Young Lab ~ Available Projects

Project 1 - Factors influencing the migration of neural crest cells along the gut

During the development of the enteric nervous system (ENS), neural precursors must first migrate into and colonize the entire gastrointestinal tract (gut). Enteric neurons and glial cells arise from two different sources, vagal and sacral level neural crest cells. Vagal neural crest cells colonize the entire gut, whereas sacral cells colonise only the distal hindgut.

Cells derived from the vagal level neural crest first enter the foregut of embryonic mice around E9.5 and migrate caudally along the gut. Sacral level neural crest cells emigrate from the neural tube and coalesce into the ganglia of the pelvic plexus, adjacent to the distal hindgut.
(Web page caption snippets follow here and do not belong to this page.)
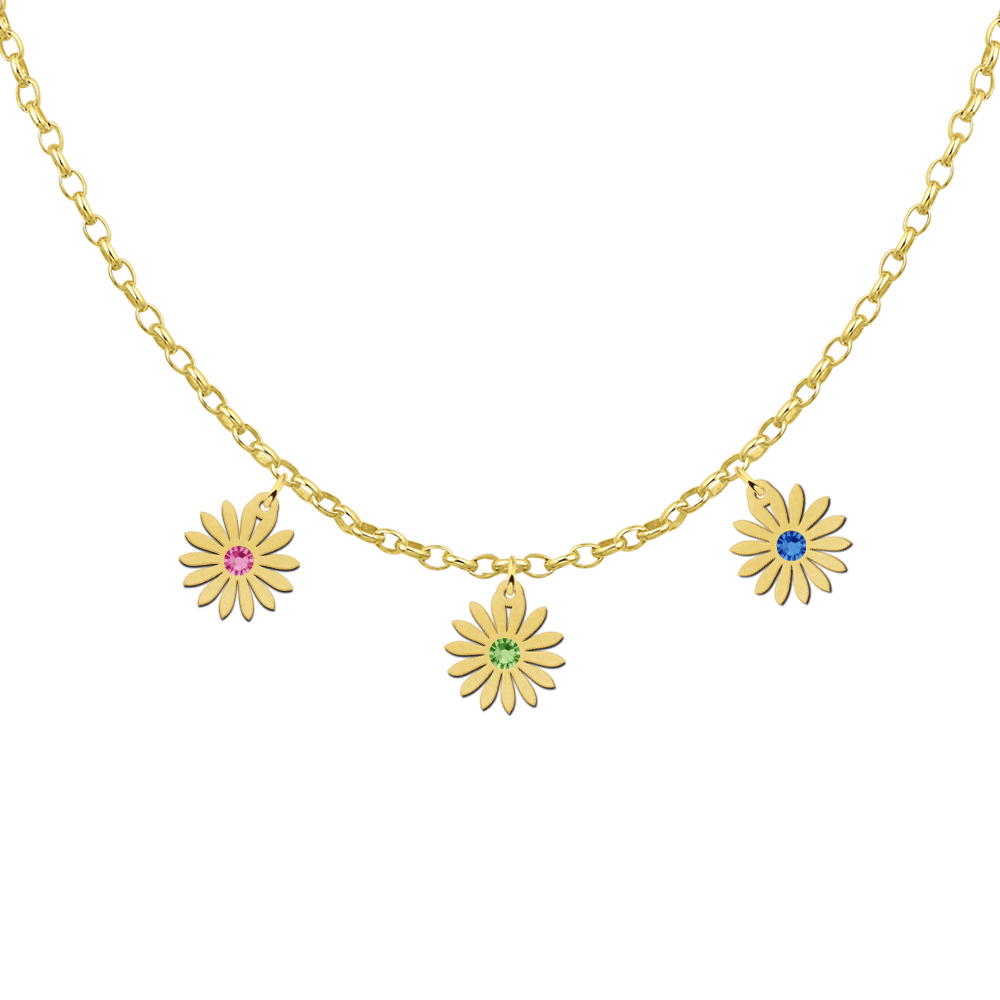 Gold necklace three daisies with birthstones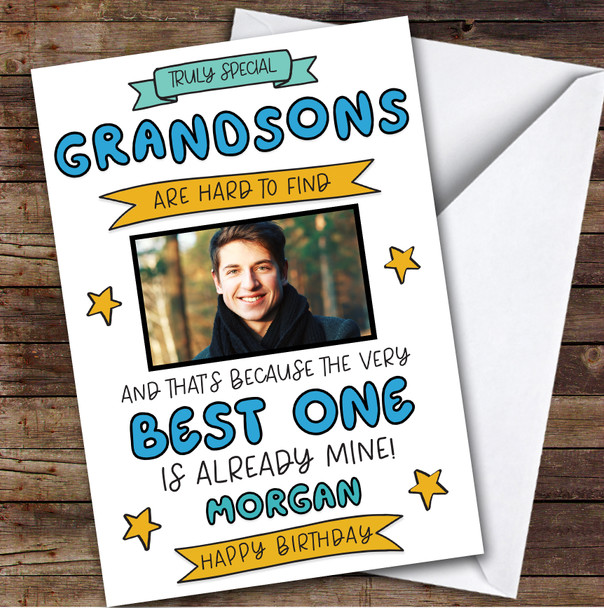 Birthday Card Personalised Grandson Photo Best One Is Mine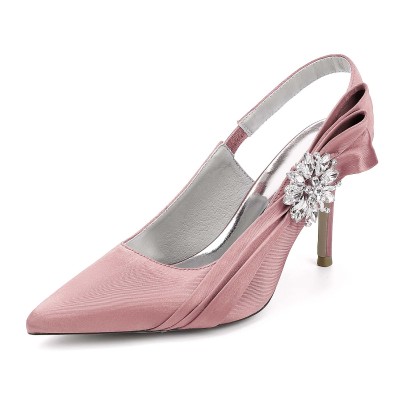 Elegant Stiletto Heel Point Toe Wedding Shoes With Rhinestone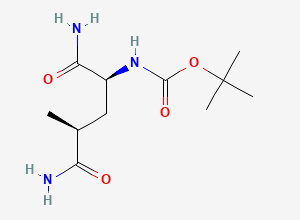 Two-dimensional chemical structure of tert-butyl N-[(2S,4S)-1,5-diamino-4-methyl-1,5-dioxopentan-2-yl]carbamate
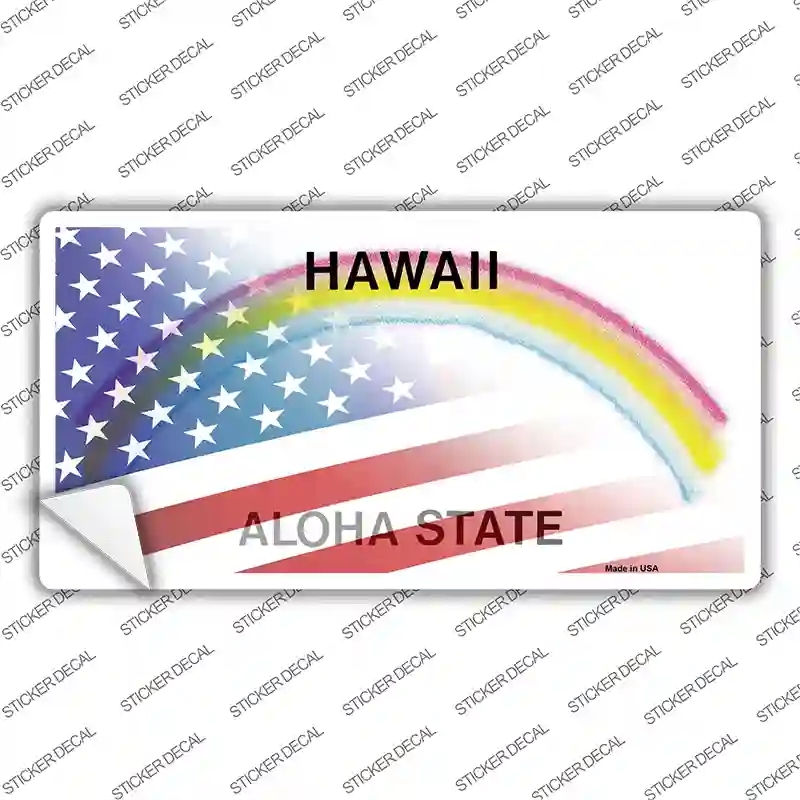 LP-12340s-L Hawaii with American Flag Novelty Sticker Decal - Large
After a delay of at least 4 days, sacral neural crest cells enter the distal hindgut. However, the time at which they enter the hindgut and their migratory route is still unknown. The delayed entry of sacral neural crest cells into the distal hindgut could be due to the transient expression of repulsive molecules in the distal hindgut, or to an early absence of attractive molecules (or their receptors on the sacral neural crest cells).

Our laboratory has devised in vitro methods for assaying the migration of neural crest cells along explants of embryonic mouse gut by using mice in which enteric neural crest cells express GFP or lacZ (Fig. 1).
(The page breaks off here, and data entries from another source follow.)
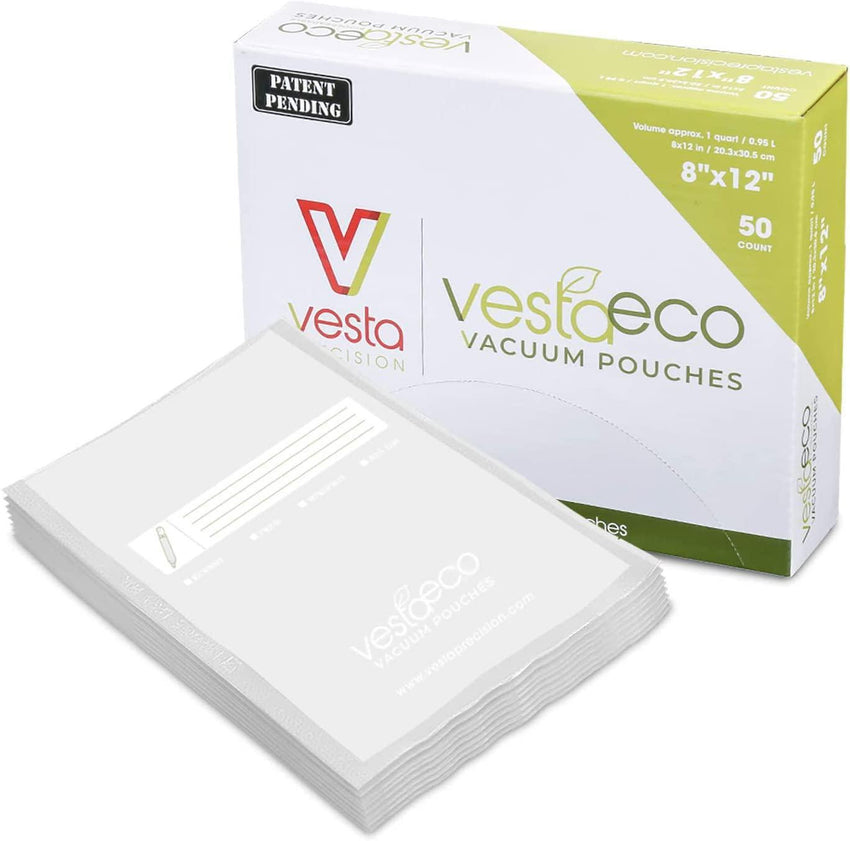 Vesta Eco Sous Vide 3 mil Pouches - 8" x 12" (50 count)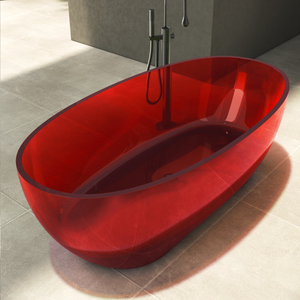 Forma ovale ammollo pietra artificiale vasca da bagno in resina color <span class=keywords><strong>ambra</strong></span> vasca da bagno in resina di cristallo colorato - Product Image 4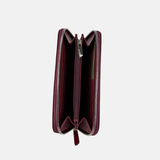 Hand Painted Supersmooth Calfskin Long Zip Around Clutch Wallet in Wine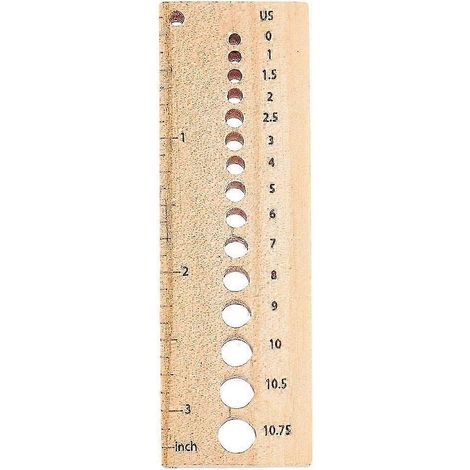 Règle en bois pour tricot et crochet, graduée en cm, 8,5 x 2,7 x 1,1 cm, gabarit géométrique avec 15 trous de mesure pour la taille des aiguilles. (1/5)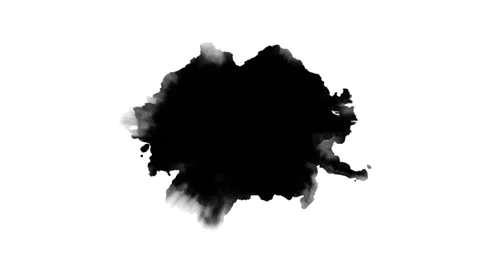 Dripping black spot on white background Stock Footage 87462957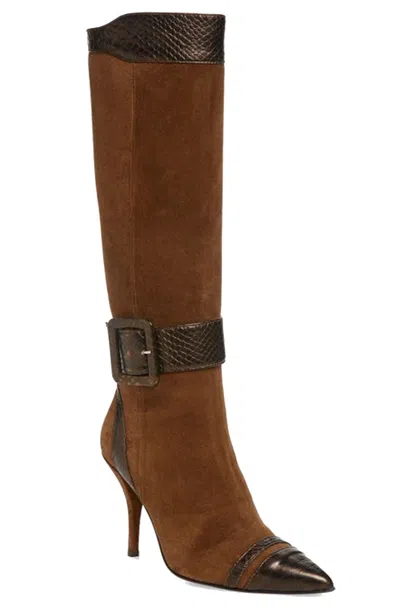 Beautiisoles By Robyn Shreiber Made In Italy Women's Alexis Brown Suede Boot Knee High Comfortable With Dressy Stiletto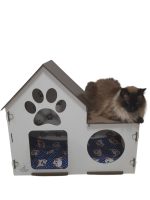 Casinha De Gato Ou Cachorro De Pequeno Porte Em Mdf Com Almofadas 09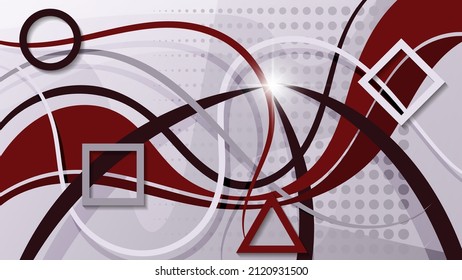 Beautiful geometric wallpaper with 3D effect. Simple contours against the background of overlapping wavy stripes, abstract shapes, an array of circles, flashes of light. Vector. 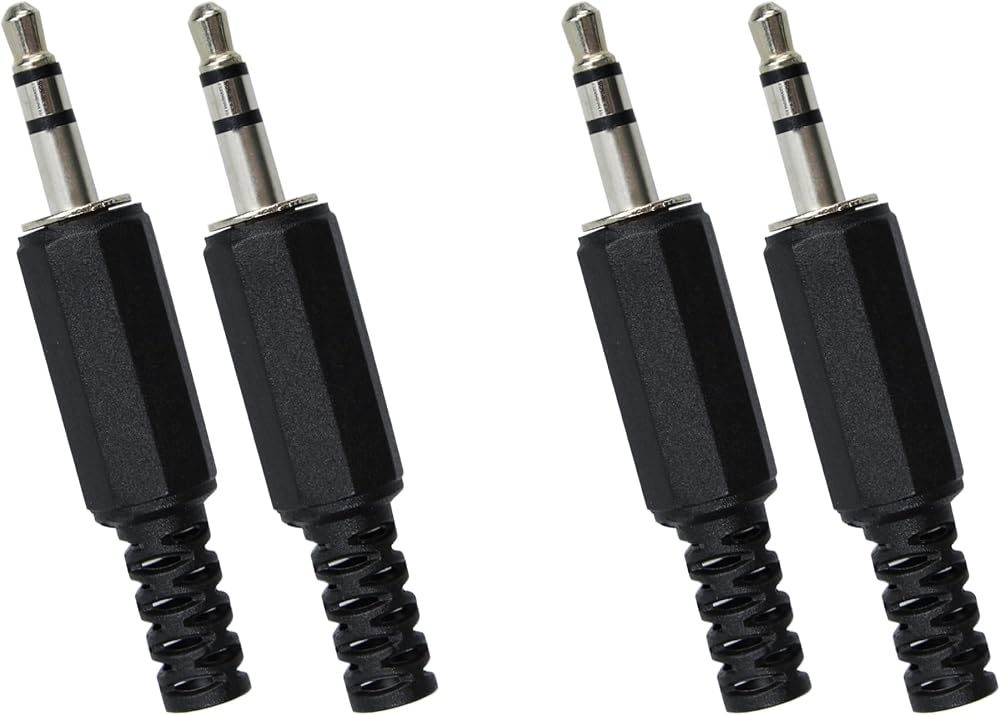 4피스 3극 3.5mm 교체 수리 플러그 잭, 3.5mm 수 플러그 오디오 케이블 커넥터, 블랙 — 사진 1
We also have methods to examine whether particular molecules are inhibitory or repulsive by growing transverse slices of gut on collagen gels (Fig. 2).

Possible projects to be undertaken to investigate the molecular control of enteric neural crest cell migration include:

1. Determine the expression of known guidance molecules within the developing hindgut (including members of the semaphorin family and some cell adhesion molecules), and whether these molecules influence neural crest migration by using in vitro assays.
2. We have shown previously that neural crest cells migrate alongside growing axons as they migrate down the gut. Some molecules that influence neural activity have been shown to influence neural migration or axon extension in other parts of the nervous system. You could examine the effect of TTX (which blocks action potentials) nitric oxide synthase inhibitors and N-type calcium channel blockers on neural crest cell migration and differentiation through explants of gut.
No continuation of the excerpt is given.